Według danych Nielsen Audience Measurement w kwietniu br. średnia widownia minutowa TVN24 wynosiła 265 944 osób, co dało 4,72 proc. udziału w rynku oglądalności (po spadku rok do roku o 19,4 proc.).
Natomiast „Szkło kontaktowe od 1 września o 12 grudnia ub.r. oglądało przeciętnie 667 tys. osób, co przełożyło się na 6,59 proc. udziału w rynku wśród wszystkich widzów.
Dwa postępowania szefa KRRiT z urzędu ws. TVN24
Pod koniec grudnia przewodniczący Maciej Świrski z urzędu podjął działania w celu ukarania nadawcę za pokazany we wrześniu materiał „Siła kłamstwa” Piotra Świerczka, w którym opisano, że podkomisja smoleńska Antoniego Macierewicza nie uwzględniała danych przeczących tezie o wybuchu jako przyczynie katastrofy w Smoleńsku.

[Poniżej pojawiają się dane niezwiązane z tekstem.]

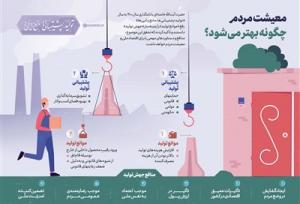 نقشه‌راه ملی خروج از تعلیق اقتصادی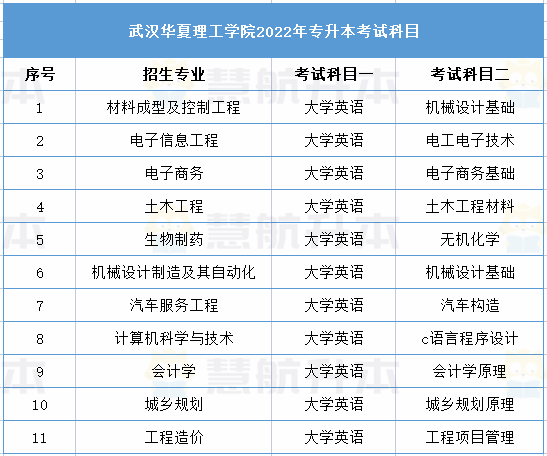 武汉华夏理工学院排名图片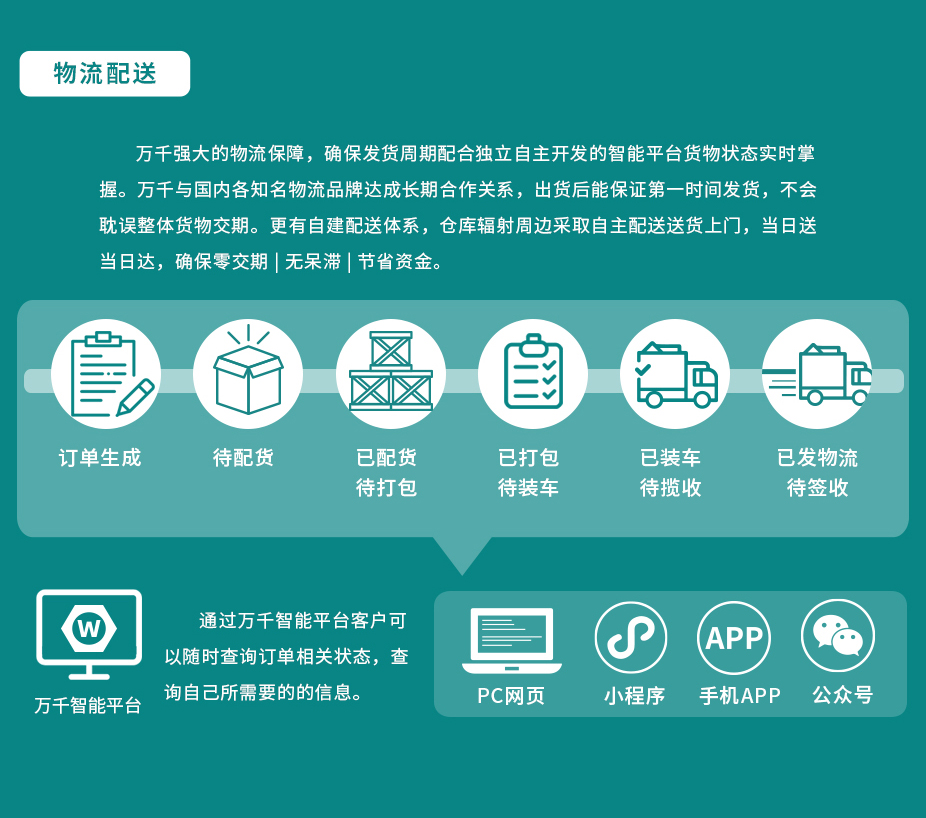 不銹鋼等長雙頭-細(xì)桿  (314/316) 等長雙頭螺柱,萬千緊固件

Zdaniem szefa KRRiT w reportażu naruszono dwa przepisy z art. 18 ustawy o radiofonii i telewizji: ust. 1 („audycje lub inne przekazy nie mogą propagować działań sprzecznych z prawem, z polską racją stanu oraz postaw i poglądów sprzecznych z moralnością i dobrem społecznym, w szczególności nie mogą zawierać treści nawołujących do nienawiści lub dyskryminujących ze względu na rasę, niepełnosprawność, płeć, wyznanie lub narodowość”) i ust. 3 („Audycje lub inne przekazy nie mogą sprzyjać zachowaniom zagrażającym zdrowiu lub bezpieczeństwu oraz zachowaniom zagrażającym środowisku naturalnemu”).

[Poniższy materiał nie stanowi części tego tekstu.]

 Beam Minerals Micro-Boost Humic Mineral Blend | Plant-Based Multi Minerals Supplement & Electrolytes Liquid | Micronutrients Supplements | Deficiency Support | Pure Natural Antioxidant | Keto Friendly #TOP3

Na początku stycznia TVN skierował do KRRiT wniosek o umorzenie postępowania, podkreślając, że nie zgadza się ze stawianymi w tej sprawie zarzutami, a w przypadku nałożenia grzywny skieruje sprawę do sądu. Natomiast w połowie stycznia nadawca przekazał szczegółową odpowiedź na 72 zastrzeżenia, które wobec reportażu przedstawił Antoni Macierewicz w pismach do KRRiT. Sprawa stanęła na jednym z posiedzeń KRRiT, lecz wówczas Świrski nie zgodził się na propozycję prof. Tadeusza Kowalskiego, żeby przyjąć uchwałę o umorzeniu postępowania w sprawie kary dla TVN.

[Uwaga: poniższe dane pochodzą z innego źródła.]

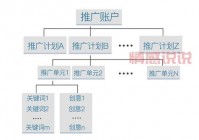 sem推广怎么做(把握这5个步骤搜索引擎营销)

Z kolei w marcu przewodniczący KRRiT poinformował, że zaraz po emisji reportażu „Franciszkańska 3″ z tezami, że Karol Wojtyła jako metropolita krakowski nie podjął odpowiednich działań ws. doniesień o pedofilii wśród duchownych, wszczął postępowanie wyjaśniające. Według Świrskiego materiał może naruszać art. 18 (punkty 1 i 2) ustawy o radiofonii i telewizji, stanowiące, że „audycje lub inne przekazy „nie mogą propagować działań sprzecznych z prawem, z polską racją stanu oraz postaw i poglądów sprzecznych z moralnością i dobrem społecznym, w szczególności nie mogą zawierać treści nawołujących do nienawiści lub przemocy lub dyskryminujących ze względu na płeć, rasę, kolor skóry, pochodzenie etniczne lub społeczne, cechy genetyczne, język, religię lub przekonania, poglądy polityczne lub wszelkie inne poglądy, przynależność państwową, przynależność do mniejszości narodowej, majątek, urodzenie, niepełnosprawność, wiek lub orientację seksualną lub nawołujących do popełnienia przestępstwa o charakterze terrorystycznym”, ponadto „audycje lub inne przekazy powinny szanować przekonania religijne odbiorców, a zwłaszcza chrześcijański system wartości”.
Krajowa Rada do 8 maja otrzymała ponad 25 tys. skarg na reportaż, do ich składania zachęcano i instruowano w „Naszym Dzienniku” i Radiu Maryja. Zaangażował się w to Zespół Wspierania Radia Maryja, którym kieruje prof. Janusz Kawecki, członek poprzedniego składu KRRiT.